The Rosslyn-Ballston Corridor has all the right elements in outstanding colors: sustained political consensus over decades, benefits shared and adjacent neighborhoods protected, clear planning and design guidance creating a market for higher density and street-based urbanism around transit, an impressive improvement in the County’s tax base, a shift to transit and walking, and improved quality of life.
Clarendon Center, a project in the corridor, received a Charter Award in 2013 for its mix of new and historic buildings, the extensive community involvement, and the way that it leveraged its location next to MetroRail on the Rosslyn-Ballston Corridor.Rough Plan of the Rosslyn-Ballston Corridor.
Since 1996, Arlington has added more than 45,000 new residents and millions of square feet of commercial and office space. “Today, Arlington has more office space than Downtown Dallas, and the highest concentration of 24-to-34 year olds in the country,” The Washingtonian writes. Because most development has been walkable to Metro stations or along high-volume bus corridors, traffic has remained steady or declined. Wilson Boulevard, Arlington’s busiest, densest corridor and Clarendon’s main drag, saw a 23 percent decline in motor vehicles from 1996 to 2012, according to the county.

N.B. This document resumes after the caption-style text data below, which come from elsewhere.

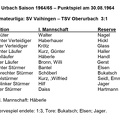 TSV Urbach Saison 1964 1965 SV Vaihingen TSV Oberurbach 30.08.1964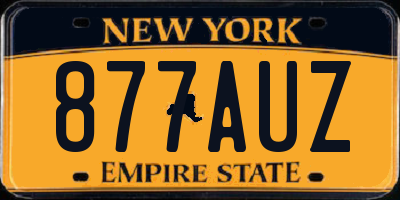 NY license plate 877AUZ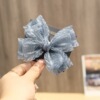 Children's cloth with bow handmade, hair accessory, hairgrip, hair stick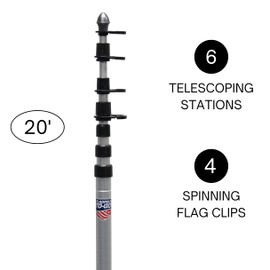 Flagpole-To-Go 20’ Beach & Backyard Flagpole Kit with Portable Aluminum Flagpole and Ground Mount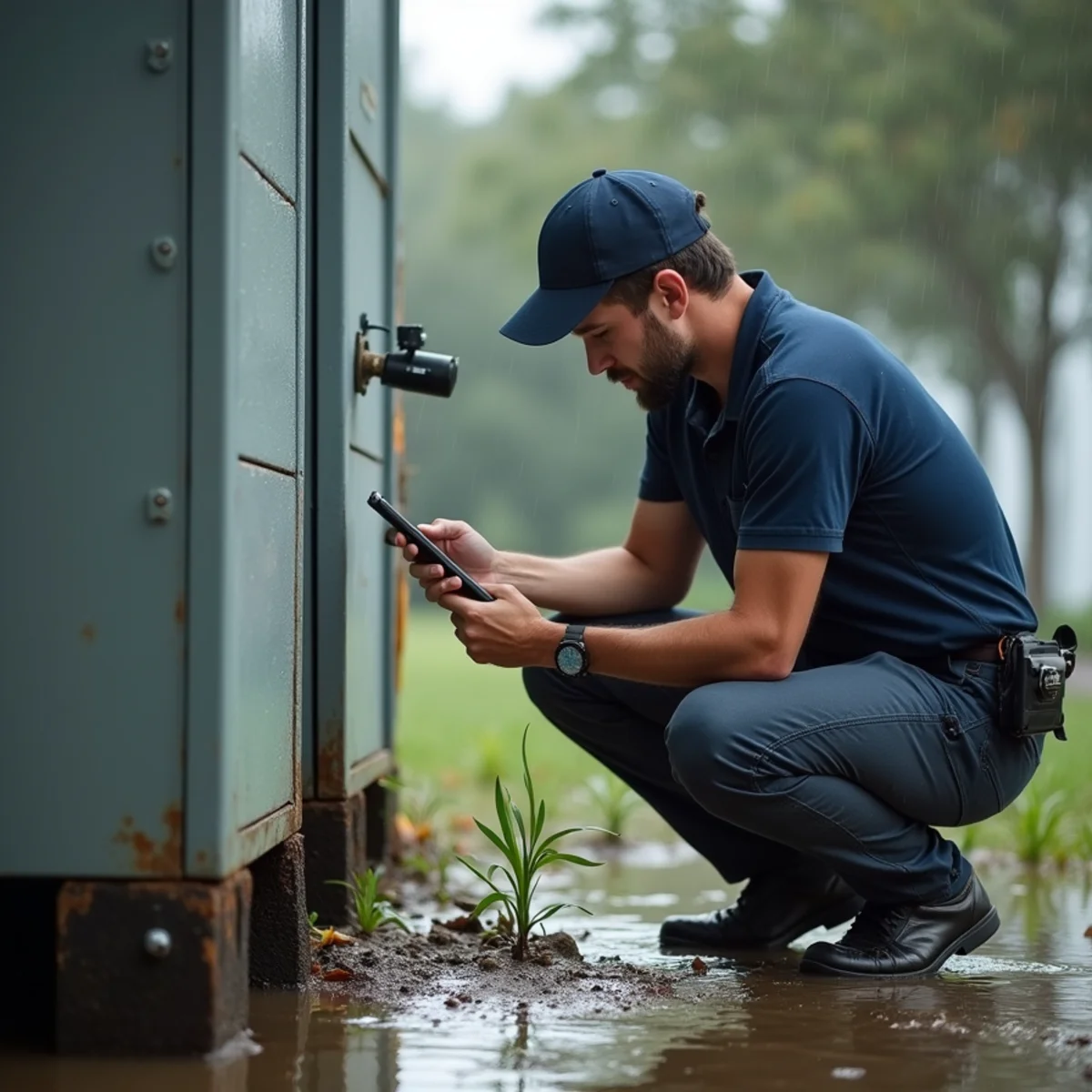 Post-hurricane HVAC damage inspection in Stuart, FL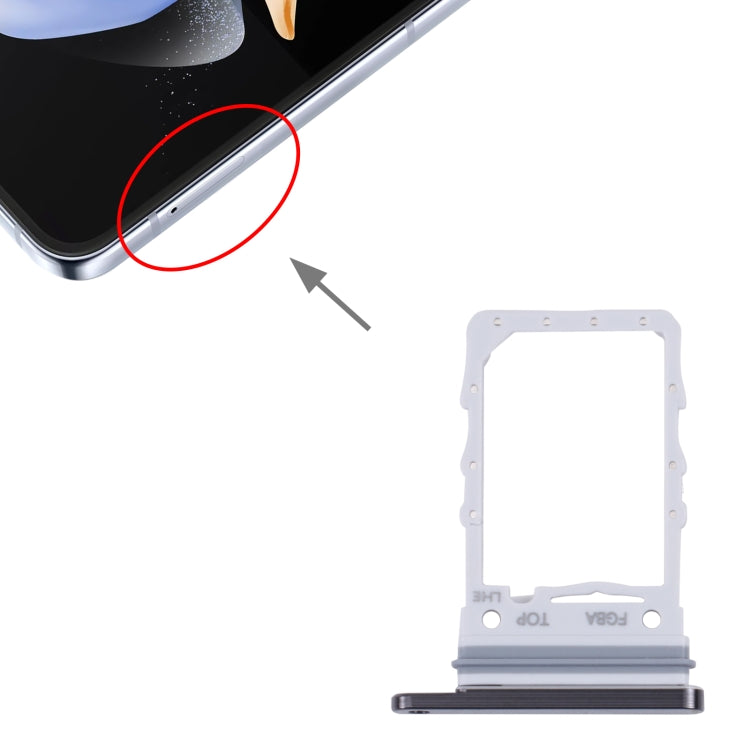 For Samsung Galaxy Z Flip4 SM-F721B Original SIM Card Tray (Black) - Card Tray by buy2fix | Online Shopping UK | buy2fix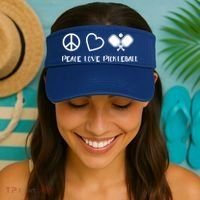 Peace Love Pickleball Funny Pickleball Player Gift Cool Gift Visor thumb 2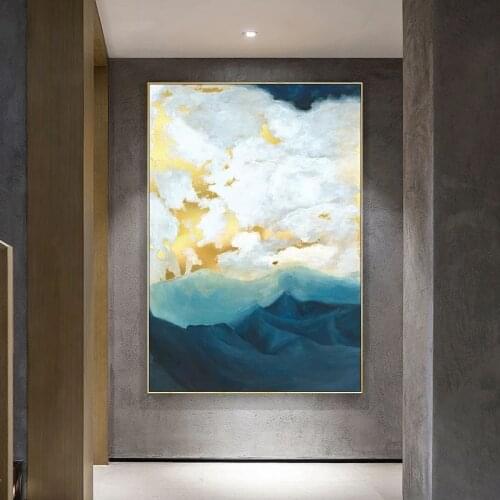 100% Hand Painted Gold Blue Sky Oil Paintings Wall Art Canvas Abstract Artwork Carving Art For Hotel Living Room Decor No Frame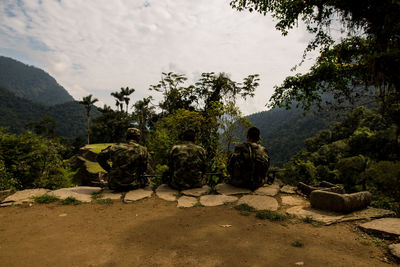 Scenic view of mountain against cloudy sky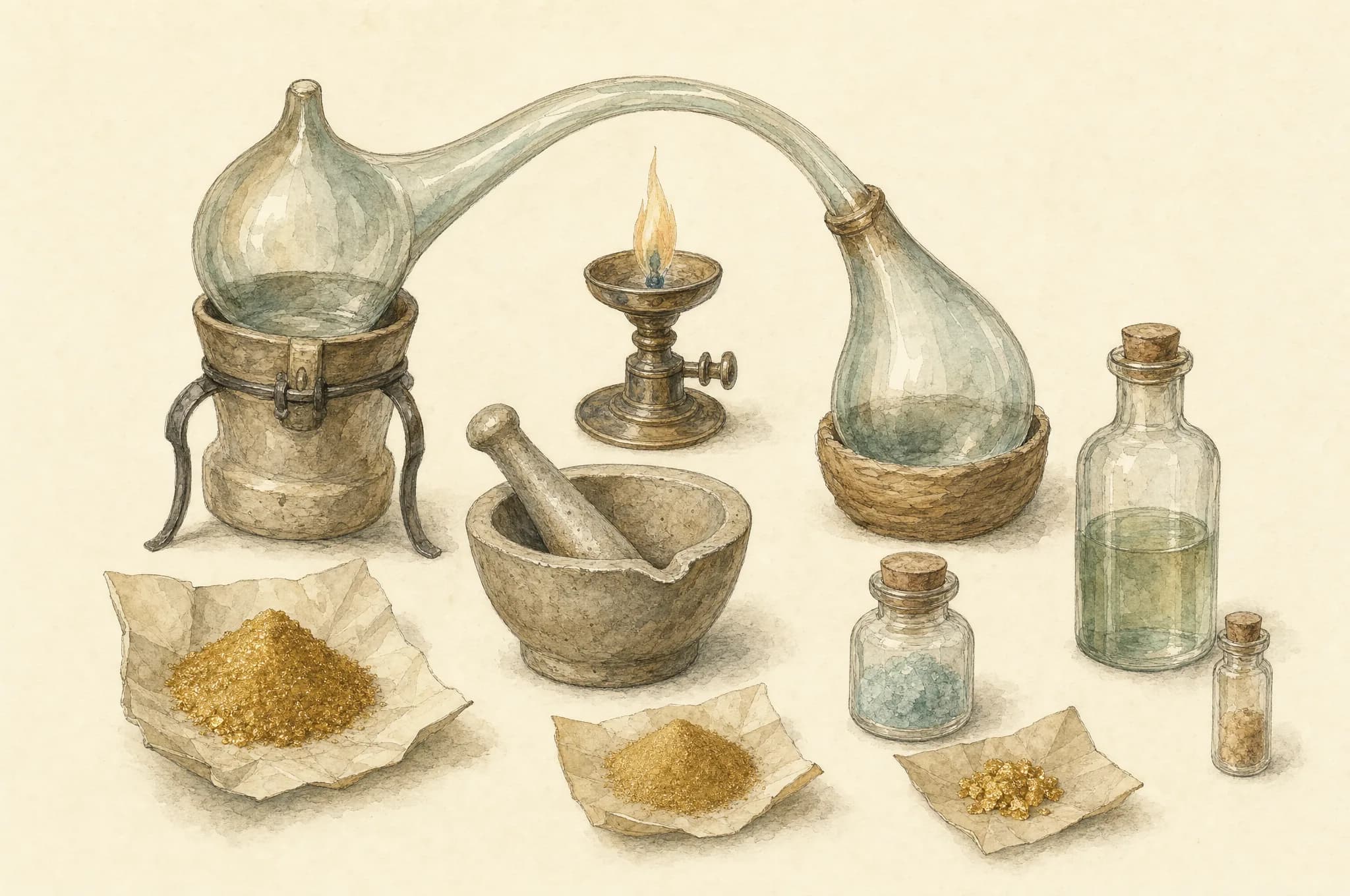 Survey plate — an alchemist's bench with glass alembics, mortar and pestle, and paper trays of gold powder specimens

A case study by Dennis Leach for the 2005 book New Transit Town, edited by Jury Chair Hank Dittmar and Gloria Ohland, found a non-automobile mode share of 47 percent, broad community acceptance, and that the corridor generated 33 percent of the county tax base on only 8 percent of its land.
For its innovation, enduring consensus, and positive outcomes, the Rosslyn-Ballston Corridor deserves a Test of Time Award.
Photo above: Streetscape of the Rosslyn-Ballston Corridor.